Saturday, April 28, 2007

Checking account

A crusty old man walks into a bank and says to the teller,
"I want to open a fucking checking account."

The astonished woman replies," I beg your pardon, sir.
I must have misunderstood you. What did you say?"

"Listen up, goddamn it. I said I want to open a fucking checking account now!"

"I'm very sorry sir, but that kind of language is not tolerated in this bank."

The teller leaves the window and goes over to the bank manager to inform him of her situation.

The manager agrees that the teller does not have to listen to that foul language.

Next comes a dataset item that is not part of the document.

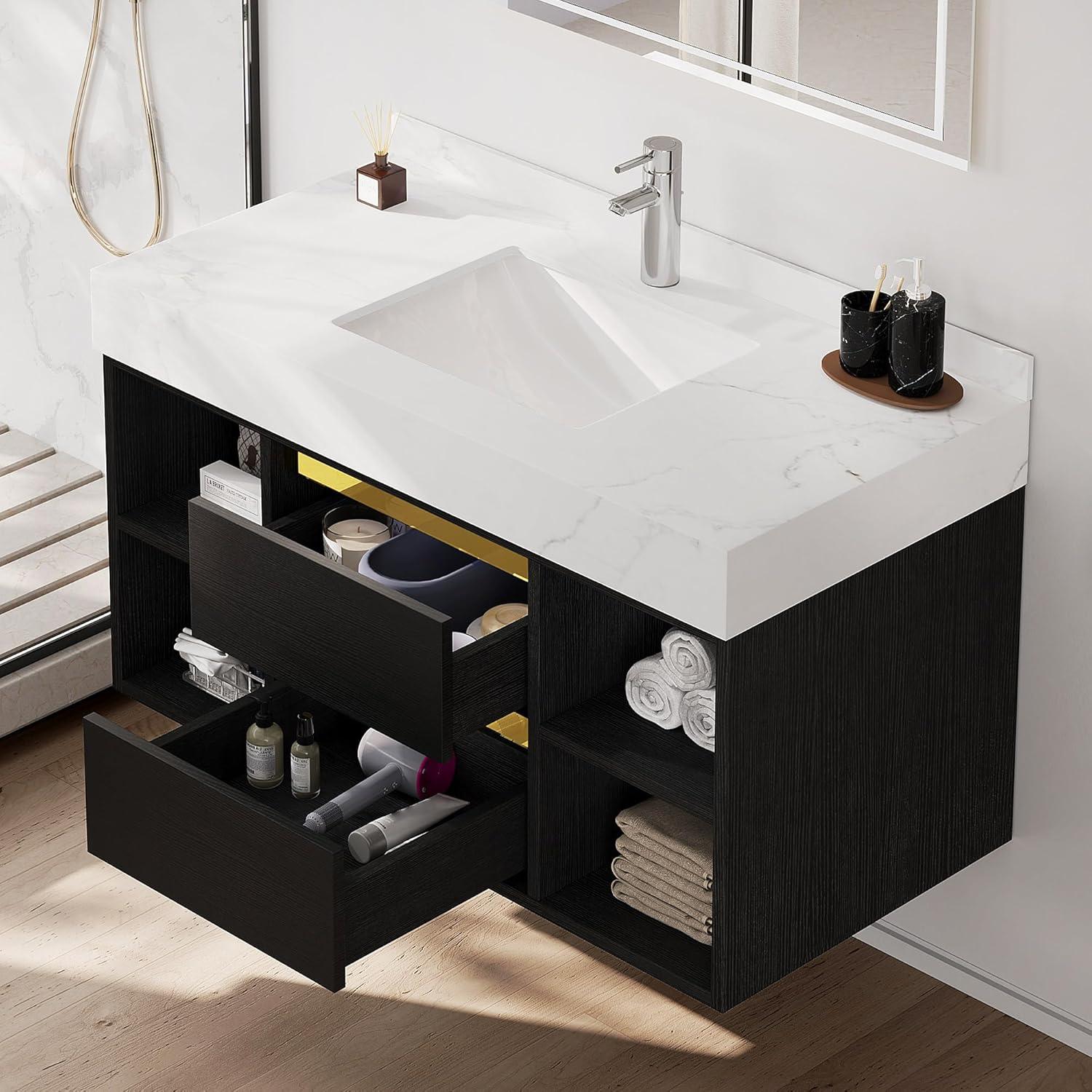 40-Inch Black Wall-Mounted Vanity with White Ceramic Sink and Storage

They both return to the window and the manager asks the old geezer, "Sir, what seems to be the problem here?"

"There is no damn problem," the man says. I just won $200 million bucks in the fucking lottery and I want to put my fucking money in this damn bank."

"I see," says the manager, "and is this fucking bitch giving you a hard time?"

20 Comments:

At April 29, 2007 at 12:34 AM , Anonymous Lexcen said...

LOL, excellent.

 
At April 29, 2007 at 3:44 AM , Anonymous Ator said...

Hahahaha...skerp!

 
At April 29, 2007 at 4:03 AM , Anonymous Jeannie said...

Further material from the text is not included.